According to three of the former Fried Frank partners, the broad mix of practice specialties among the Simmons laterals—a third were in capital markets, with others focusing on M&A, foreign investment, real estate, and construction—eventually led to internal conflicts in the office. Some of the Asia partners thought the office should focus on capital markets, while others argued for more resources into private equity and M&A. The result was inertia.

Ho departed Fried Frank in 2007, leaving the legal profession entirely to eventually become head of brand management company Luxba Group Ltd.* Hickman and Liang moved to Dechert in 2008. Hickman is now with Beijing firm Haiwen & Partners, while Liang is now China counsel for private equity shop PAG. Kwok left Fried Frank in 2009, working at Blank Rome and then Latham & Watkins before taking on his current role as head of legal for Macau casino operator Galaxy Entertainment Group. Mok left for Eversheds in 2009. Lee left to join Jones Day in 2010 and subsequently joined Cadwalader, Wickersham & Taft.

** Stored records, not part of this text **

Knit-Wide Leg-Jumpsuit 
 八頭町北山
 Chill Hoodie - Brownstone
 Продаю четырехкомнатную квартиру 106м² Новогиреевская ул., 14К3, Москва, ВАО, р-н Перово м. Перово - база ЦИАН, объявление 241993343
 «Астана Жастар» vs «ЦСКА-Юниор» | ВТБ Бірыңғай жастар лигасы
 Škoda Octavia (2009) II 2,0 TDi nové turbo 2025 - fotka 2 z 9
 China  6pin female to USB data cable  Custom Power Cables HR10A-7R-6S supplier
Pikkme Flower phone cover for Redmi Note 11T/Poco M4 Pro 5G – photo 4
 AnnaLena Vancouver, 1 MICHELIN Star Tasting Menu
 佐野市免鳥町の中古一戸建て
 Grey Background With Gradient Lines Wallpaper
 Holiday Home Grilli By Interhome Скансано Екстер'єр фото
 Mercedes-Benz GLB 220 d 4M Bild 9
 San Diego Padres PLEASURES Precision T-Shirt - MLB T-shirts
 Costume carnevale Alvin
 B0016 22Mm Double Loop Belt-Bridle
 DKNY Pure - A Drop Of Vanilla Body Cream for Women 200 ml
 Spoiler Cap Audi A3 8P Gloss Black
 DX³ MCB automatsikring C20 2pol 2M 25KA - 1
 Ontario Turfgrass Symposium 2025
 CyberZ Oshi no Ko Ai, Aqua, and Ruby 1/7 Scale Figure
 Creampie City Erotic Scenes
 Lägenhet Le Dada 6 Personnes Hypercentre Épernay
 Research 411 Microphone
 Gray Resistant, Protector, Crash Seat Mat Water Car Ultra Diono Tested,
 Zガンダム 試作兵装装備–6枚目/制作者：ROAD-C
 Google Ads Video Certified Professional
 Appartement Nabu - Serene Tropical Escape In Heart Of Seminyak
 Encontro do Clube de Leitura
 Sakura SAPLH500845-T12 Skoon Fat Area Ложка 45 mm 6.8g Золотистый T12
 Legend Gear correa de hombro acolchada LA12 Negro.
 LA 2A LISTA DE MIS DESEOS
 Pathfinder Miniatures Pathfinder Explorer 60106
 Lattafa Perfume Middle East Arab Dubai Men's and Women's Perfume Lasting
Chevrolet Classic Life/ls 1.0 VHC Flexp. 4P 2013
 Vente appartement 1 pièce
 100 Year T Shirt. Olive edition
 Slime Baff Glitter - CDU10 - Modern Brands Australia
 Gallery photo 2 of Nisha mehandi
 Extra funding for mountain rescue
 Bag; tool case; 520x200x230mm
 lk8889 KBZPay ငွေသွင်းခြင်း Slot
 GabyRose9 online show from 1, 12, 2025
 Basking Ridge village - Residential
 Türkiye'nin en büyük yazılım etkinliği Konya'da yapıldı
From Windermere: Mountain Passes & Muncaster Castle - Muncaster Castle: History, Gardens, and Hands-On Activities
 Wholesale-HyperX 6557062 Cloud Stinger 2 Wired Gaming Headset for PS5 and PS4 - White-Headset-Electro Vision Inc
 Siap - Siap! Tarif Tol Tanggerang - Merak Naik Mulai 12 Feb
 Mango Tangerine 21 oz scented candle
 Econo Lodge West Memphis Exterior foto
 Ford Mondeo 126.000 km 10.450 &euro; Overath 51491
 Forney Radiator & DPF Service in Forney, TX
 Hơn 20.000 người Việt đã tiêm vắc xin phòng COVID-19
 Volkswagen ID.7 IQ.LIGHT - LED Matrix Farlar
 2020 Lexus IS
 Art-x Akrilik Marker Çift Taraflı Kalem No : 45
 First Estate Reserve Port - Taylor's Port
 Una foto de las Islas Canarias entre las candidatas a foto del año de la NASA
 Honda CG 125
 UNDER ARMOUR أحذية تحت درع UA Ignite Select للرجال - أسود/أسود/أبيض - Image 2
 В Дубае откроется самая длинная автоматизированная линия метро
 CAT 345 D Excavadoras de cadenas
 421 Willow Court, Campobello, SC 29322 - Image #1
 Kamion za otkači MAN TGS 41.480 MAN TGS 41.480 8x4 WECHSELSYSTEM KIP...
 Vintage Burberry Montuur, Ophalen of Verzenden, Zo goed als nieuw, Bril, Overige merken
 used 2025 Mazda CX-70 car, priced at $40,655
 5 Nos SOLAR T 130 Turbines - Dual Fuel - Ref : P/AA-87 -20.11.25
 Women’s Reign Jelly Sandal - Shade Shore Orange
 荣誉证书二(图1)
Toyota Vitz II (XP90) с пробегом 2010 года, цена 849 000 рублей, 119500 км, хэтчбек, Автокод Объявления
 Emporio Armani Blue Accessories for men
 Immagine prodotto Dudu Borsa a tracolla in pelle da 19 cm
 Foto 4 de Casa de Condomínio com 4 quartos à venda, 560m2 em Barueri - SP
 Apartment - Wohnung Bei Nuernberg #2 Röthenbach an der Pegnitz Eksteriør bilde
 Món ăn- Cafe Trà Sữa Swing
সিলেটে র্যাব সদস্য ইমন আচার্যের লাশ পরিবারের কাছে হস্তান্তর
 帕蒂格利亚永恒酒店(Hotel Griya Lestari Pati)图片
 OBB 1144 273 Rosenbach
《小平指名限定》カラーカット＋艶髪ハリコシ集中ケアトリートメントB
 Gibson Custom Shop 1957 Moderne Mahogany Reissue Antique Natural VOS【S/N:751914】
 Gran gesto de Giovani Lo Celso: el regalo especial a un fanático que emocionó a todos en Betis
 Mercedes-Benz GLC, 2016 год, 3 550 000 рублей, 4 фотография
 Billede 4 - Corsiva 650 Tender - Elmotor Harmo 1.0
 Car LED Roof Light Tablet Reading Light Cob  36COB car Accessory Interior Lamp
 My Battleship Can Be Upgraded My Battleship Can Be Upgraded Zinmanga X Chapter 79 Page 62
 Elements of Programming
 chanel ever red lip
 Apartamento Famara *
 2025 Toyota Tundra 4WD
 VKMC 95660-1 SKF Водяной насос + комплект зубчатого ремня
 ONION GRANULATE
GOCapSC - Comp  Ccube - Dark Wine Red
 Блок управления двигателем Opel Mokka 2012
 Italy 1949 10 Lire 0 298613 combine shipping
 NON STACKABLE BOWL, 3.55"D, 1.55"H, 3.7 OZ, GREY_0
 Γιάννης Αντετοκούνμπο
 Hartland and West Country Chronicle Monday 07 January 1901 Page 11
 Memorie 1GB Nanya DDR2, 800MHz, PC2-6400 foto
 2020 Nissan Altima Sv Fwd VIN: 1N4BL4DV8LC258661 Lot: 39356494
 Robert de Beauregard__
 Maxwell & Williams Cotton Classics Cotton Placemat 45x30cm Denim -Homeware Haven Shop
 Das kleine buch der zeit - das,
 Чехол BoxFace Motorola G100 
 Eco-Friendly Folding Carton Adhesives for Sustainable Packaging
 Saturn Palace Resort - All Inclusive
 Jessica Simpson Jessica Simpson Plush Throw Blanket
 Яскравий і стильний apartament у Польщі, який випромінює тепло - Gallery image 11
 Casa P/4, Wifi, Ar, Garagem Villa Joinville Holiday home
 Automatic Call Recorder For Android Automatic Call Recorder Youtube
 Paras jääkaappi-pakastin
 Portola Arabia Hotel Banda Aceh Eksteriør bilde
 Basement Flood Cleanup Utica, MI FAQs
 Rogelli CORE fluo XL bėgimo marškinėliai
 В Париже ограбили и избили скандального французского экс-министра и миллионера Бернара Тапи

Edward Kim, who joined Fried Frank as a Hong Kong partner from Ashurst in 2006, left in 2009 and is now a foreign lawyer with Lee & Ko is Seoul. William Yoo, who came on board in 2007 from Paul Hastings, became a director at investment fund Bei Capital Partners in 2012.

Fried Frank has brought in some lawyers to replace some of the lawyers who left. In 2011 the firm brought on O’Melveny & Myers corporate partner Douglas Freeman—who now heads Fried Frank’s Hong Kong office—and Victor Chen, who focuses on private equity deals. Last year, capital markets partner Carolyn Sng also came on board from the former Herbert Smith. The trio in July advised a consortium of investors on the $64 million delisting of Hong Kong–based gemstone jeweler LJ International Inc. from the Nasdaq stock exchange.

*Correction, 8/13/2013: An earlier version of this article stated that Gilbert Ho left Fried Frank in 2010. He left in 2007. We regret the error.